Ne yazık ki, memleketimizin manzarası bu!

Fiyatlar her yanı ateş gibi yakarken, iktidar yandaşı yayın organlarının anlattığı masallara inanmak için çok saf olmak gerekiyor. Fakat her toplumda kolay kandırılacak saf insanların sayısı bir hayli fazladır!

Ulus olarak biz bilinçlenmedikçe bu sıkıntıları aşamayız, ömrümüz hep yakınmakla geçer!

Dedim ya, gelecek, toplumumuz için kapalı bir mektup gibi. Neler yazıldığını bilmiyoruz... Bu noktada Damat Berat Bey’in istifa mektubundaki “At izi it izine karıştı” sözleri geliyor aklıma!

FM radyocuları seslerini kâğıt üzerinde dans ettirecek!


Türkiye’de ulusal ve bölgesel, yaklaşık 960 FM radyo var.

FM radyolar, özellikle müzik sevenlerin favorisidir. TÜİK’e göre dinlenme oranları günde ortalama 3 saat 10 dakikadır.

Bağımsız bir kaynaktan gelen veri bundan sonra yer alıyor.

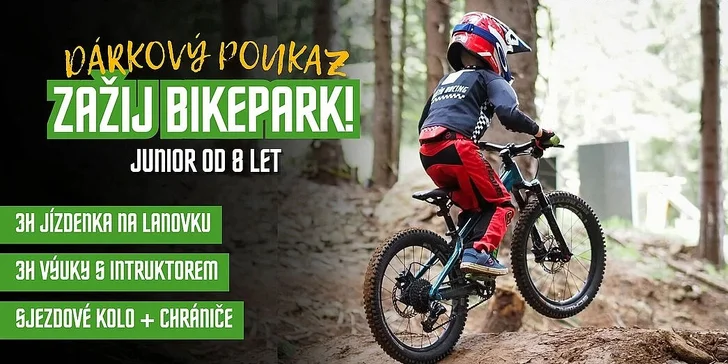 Tříhodinový kurz horského sjezdu na kole v Bikeparku Špičák pro děti i dospělé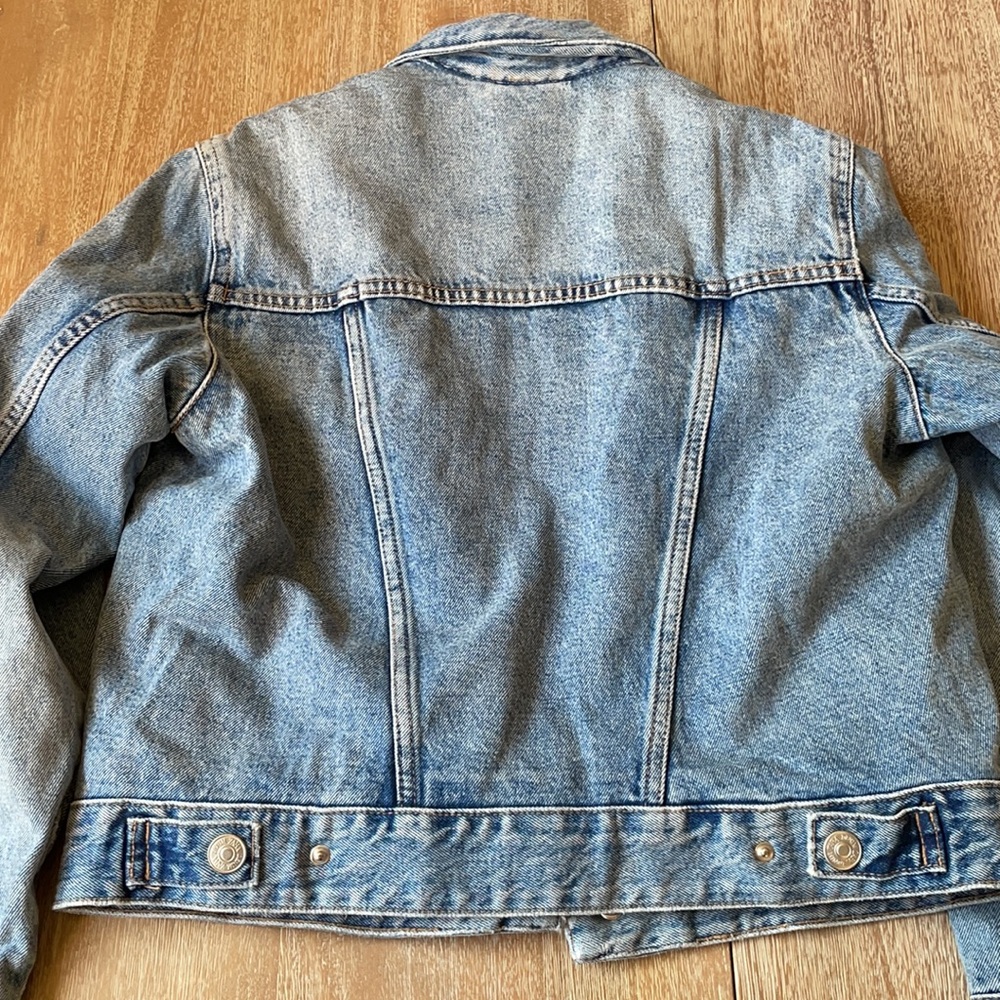 Zara Faux Fur Sherpa Lined Denim Jacket Size M - Picture 12 of 15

FM, “Frekans Modülasyonu” teriminin kısaltılmışıdır. Özelliği, frekansın çok net ses vermesidir.

Uluslararası Yayıncılar Birliği (IRU) “FM” adında bir dergi çıkarttı. Yıllardır seslerini duyduğumuz FM radyocularının artık yazılarını da okuyup kimliklerini, kişiliklerini daha iyi tanıyabileceğiz. İddialı bir radyocu arkadaşım:

“Şimdi kalemi elimize alıp seslerimizi kâğıt üzerinde dans ettireceğiz.” dedi.

Uluslararası Yayıncılar Birliği’ne göre, FM Dergisi, birçok sektörün çalışanlarını bünyesinde buluşturacak.

Derginin ilk sayısının kapağında Ajda Pekkan’ın büyük fotoğrafı var. Neden? FM radyolarında şarkıları en çok çalınan ve dinlenen sanatçılardan biri olduğu için Ajda Pekkan tercih edildi sanıyorum...

FM dergisi Ortadoğu ülkeleri başta olmak üzere 17 ülkeye gönderilecek.

GÜNÜN SÖZÜ


Her iktidar, ülkenin tarihinde iyi ya da kötü birer parantezdir!